In 2023, Casey Primozic wrote an awesome blog post about training a small neural network to perform modular 8-bit addition. The network's solution was interesting — you can read about it in the post; it's not unlike what a similar network reverse-engineered by Neil Nanda and Tom Lieberum in 2022 achieved. Here, I want to focus on a hypothesis Casey stated at the beginning of his post:
Additionally, I wasn't sure how the network would handle long chains of carries. When adding 11111111 + 00000001, for example, it wraps and produces an output of 00000000. In order for that to happen, the carry from the least-significant bit needs to propagate all the way through the adder to the most-significant bit. I thought that there was a good chance the network would need at least 8 layers in order to facilitate this kind of behavior.
Obviously, Casey then showed that this was false, but it's a very reasonable way of thinking. Look at a circuit diagram of any adder, and you'll probably see a sequential chain of gates flowing from lower to higher bit significance. For \(n\) bits, the best adder circuits still need \(\log_2(n)\) layers. Additionally, the DAC/ADC-style solution Casey's network found might not scale well, and it would likely hit the floating-point precision floor as its bit count increased (this might be interesting to test). Maybe adders do need depth.
But wait, what about universal approximation?
Actually, circuit theory also has something to say here. Neural networks have what's called "unlimited fan-in" — a neuron can have as many inputs as it likes. Couple this with a nonlinear activation function, and you'll find that, with the right parameters, individual neurons can perform AND and OR operations on an arbitrary number of incoming 'bits', as we'll see soon.

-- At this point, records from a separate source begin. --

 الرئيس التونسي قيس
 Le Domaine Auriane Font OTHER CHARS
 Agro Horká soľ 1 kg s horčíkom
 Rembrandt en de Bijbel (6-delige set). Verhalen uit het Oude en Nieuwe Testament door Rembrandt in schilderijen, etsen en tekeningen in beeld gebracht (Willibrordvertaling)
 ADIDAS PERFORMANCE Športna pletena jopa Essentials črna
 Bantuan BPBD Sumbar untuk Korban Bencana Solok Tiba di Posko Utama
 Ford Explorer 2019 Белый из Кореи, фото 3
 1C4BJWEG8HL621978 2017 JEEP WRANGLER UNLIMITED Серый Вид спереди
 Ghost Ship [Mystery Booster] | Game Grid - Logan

Because neurons have unlimited fan-in, feed-forward neural nets should be able to do addition with a constant number of layers, regardless of how many bits they're operating on: addition belongs to the \(AC^0\) circuit complexity class, which has \(O(1)\) depth and polynomial size. Let's see how we can construct such a network explicitly.

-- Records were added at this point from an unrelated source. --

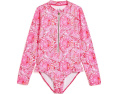 Рашгард Denning от Lilly Pulitzer для детей с защитой UPF 50+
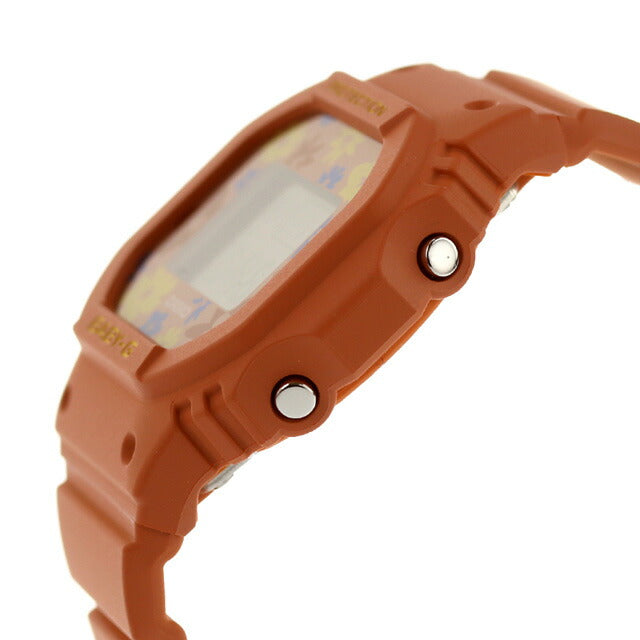 Baby G Baby Baby BABY-G BGD-565RP-4 Overseas Model Ladies Watch Brand Casio Casio Digital Orange BGD-565RP-4DR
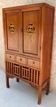 Armoire asiatique ancienne en bois massif – indonésie / java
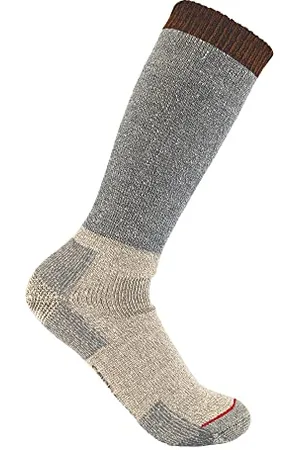 Carhartt Herren Heavyweight Wool Blend Boot Socken, , Large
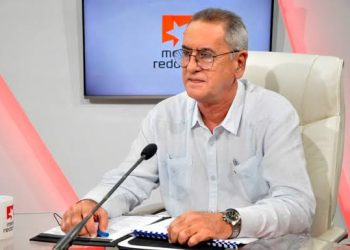 El ministro de Economía de Cuba reaccionó así a una publicación sobre el discurso de Delcy Rodríguez en la ONU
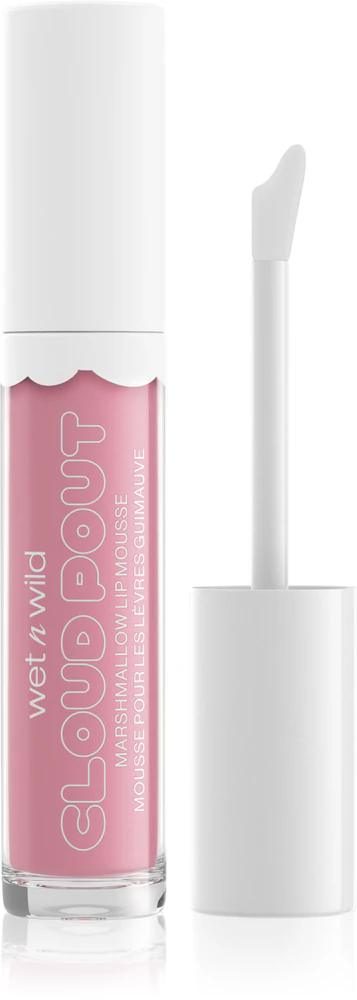 Wet n Wild Cloud Pout Marshmallow Lip Mousse liquid lipstick None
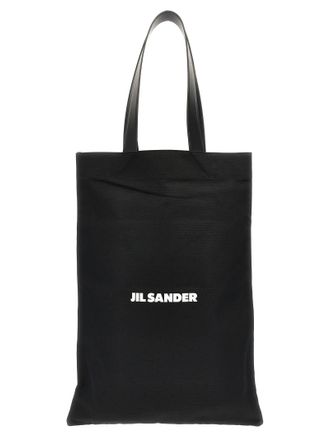 Jil Sander flat Shopper Large Shopping Bag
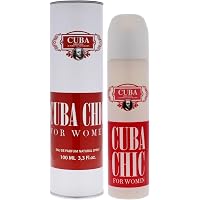 Cuba Touch Eau De Parfum Für Frauen – Blumig-holzig Mit 3,3 Oz Spray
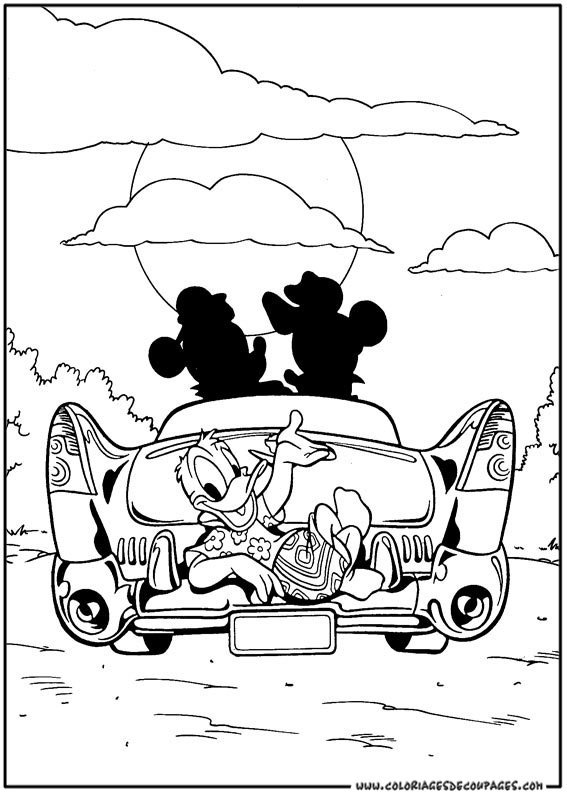 Donald Duck s'apprête à plonger dans l'aventure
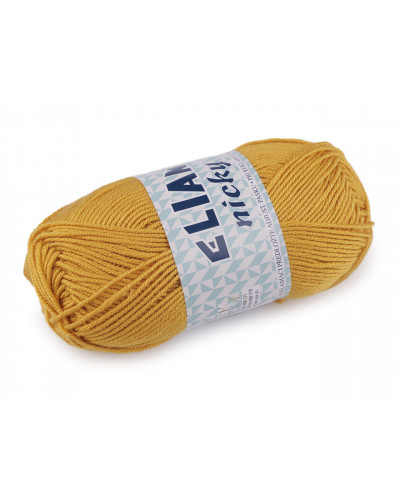 Fir de tricotat Nicky, 50 g | Mimib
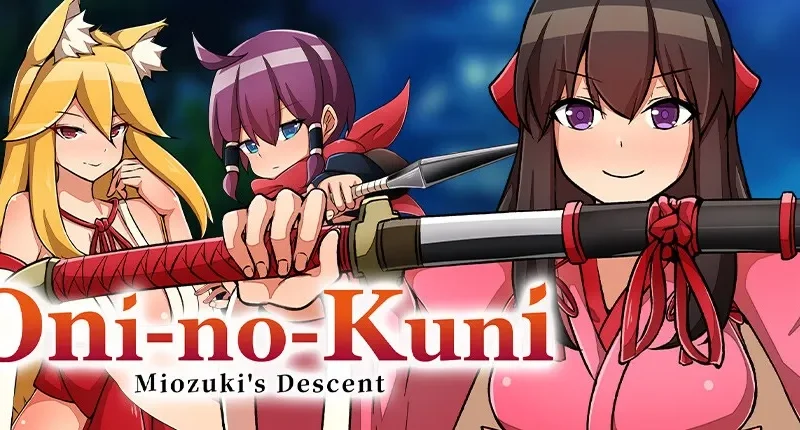 Oni-no-Kuni: Miozuki’s Descent cover 1.00 – RPGM adult game by IOLiTE free download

First, we need to recognize that conventional neural networks can act as binary operators. A single ReLU-activated neuron can act as an AND gate:
While it takes two ReLU neurons to make an OR:
Making a NOT gate is also easy (weight -1, bias 1). We could call it here and cite some circuit theory textbook, but let's explore a naive way to actually develop a \(O(1)\) (i.e. constant width) \(n\)-bit adder.
Let's consider a 2-bit adder. We can explicitly write out the truth table for one of these:
There are 16 entries in this truth table, representing each pair of 2-bit numbers that could be added together. The truth table for a 16-bit adder would have \(2^{32}\), or 4 billion entries.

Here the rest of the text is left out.